🤖 AI Summary
Soft-bodied crawling robots struggle to achieve adaptive locomotion under model inaccuracies, sensor noise, and unknown gaits. To address this, we propose a model-based reinforcement learning (MB-RL) framework grounded in latent-state dynamical modeling. Our method employs variational inference to learn a low-dimensional latent dynamics model solely from noisy on-board IMU and time-of-flight (ToF) distance measurements, enabling short-horizon motion prediction and end-to-end gait policy optimization. The key innovation lies in the tight integration of implicit dynamic modeling with an actor-critic RL architecture, eliminating reliance on precise physical models or external perception systems. Simulation results demonstrate that the proposed approach robustly generates adaptive crawling gaits under strong sensor noise, significantly enhancing the autonomy and locomotive adaptability of soft robots in uncertain environments.
📝 Abstract
Soft robotic crawlers are mobile robots that utilize soft body deformability and compliance to achieve locomotion through surface contact.
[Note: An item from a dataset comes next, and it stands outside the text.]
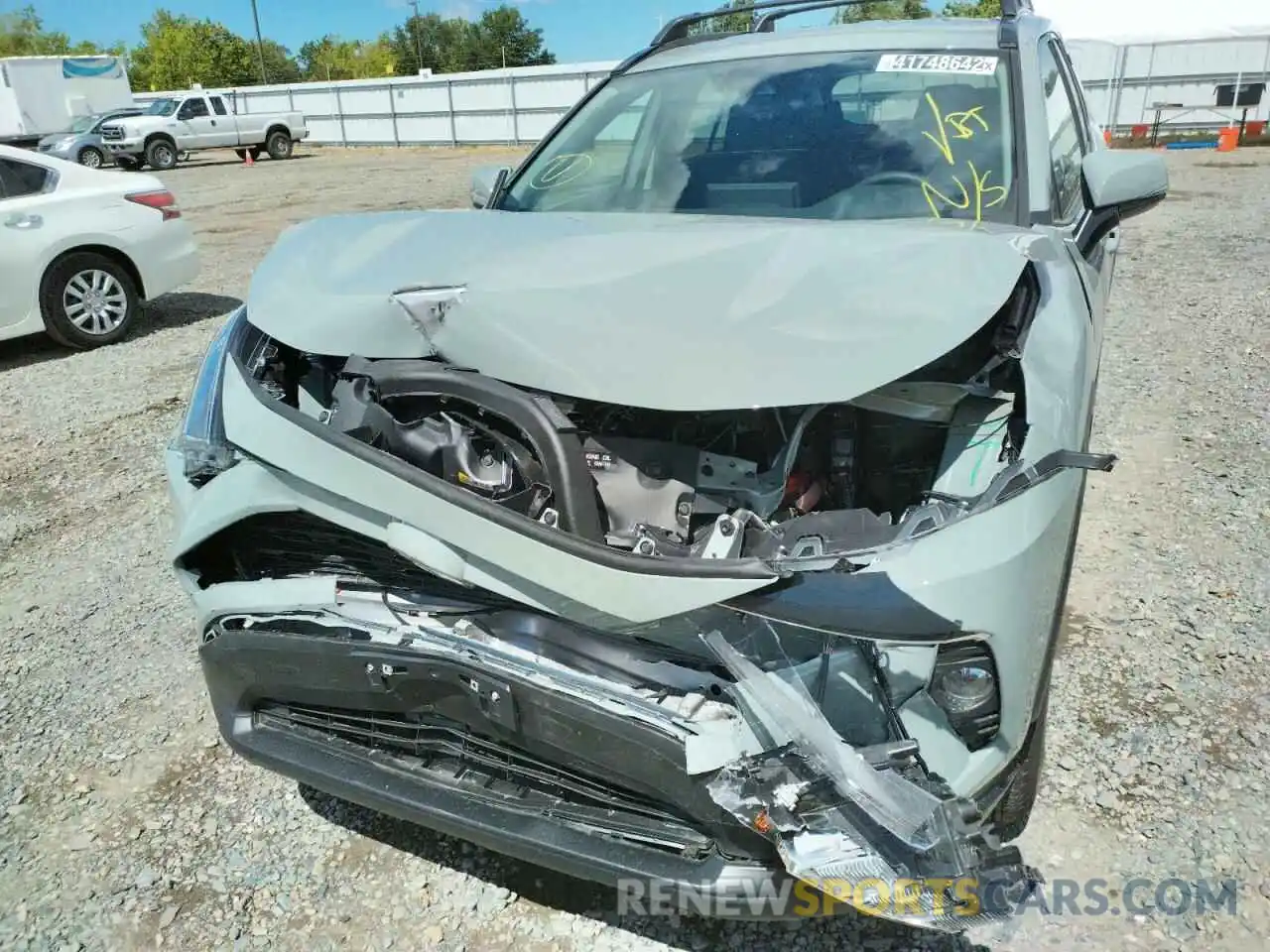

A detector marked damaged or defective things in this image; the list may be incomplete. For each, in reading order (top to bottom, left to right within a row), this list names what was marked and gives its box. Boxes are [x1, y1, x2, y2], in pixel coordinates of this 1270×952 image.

broken headlight [174, 305, 253, 484]
crumpled hood [246, 209, 1032, 409]
damaged toyota rav4 [169, 0, 1175, 932]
Designing control strategies for such systems is challenging due to model inaccuracies, sensor noise, and the need to discover locomotor gaits. In this work, we present a model-based reinforcement learning (MB-RL) framework in which latent dynamics inferred from onboard sensors serve as a predictive model that guides an actor-critic algorithm to optimize locomotor policies. We evaluate the framework on a minimal crawler model in simulation using inertial measurement units and time-of-flight sensors as observations. The learned latent dynamics enable short-horizon motion prediction while the actor-critic discovers effective locomotor policies. This approach highlights the potential of latent-dynamics MB-RL for enabling embodied soft robotic adaptive locomotion based solely on noisy sensor feedback.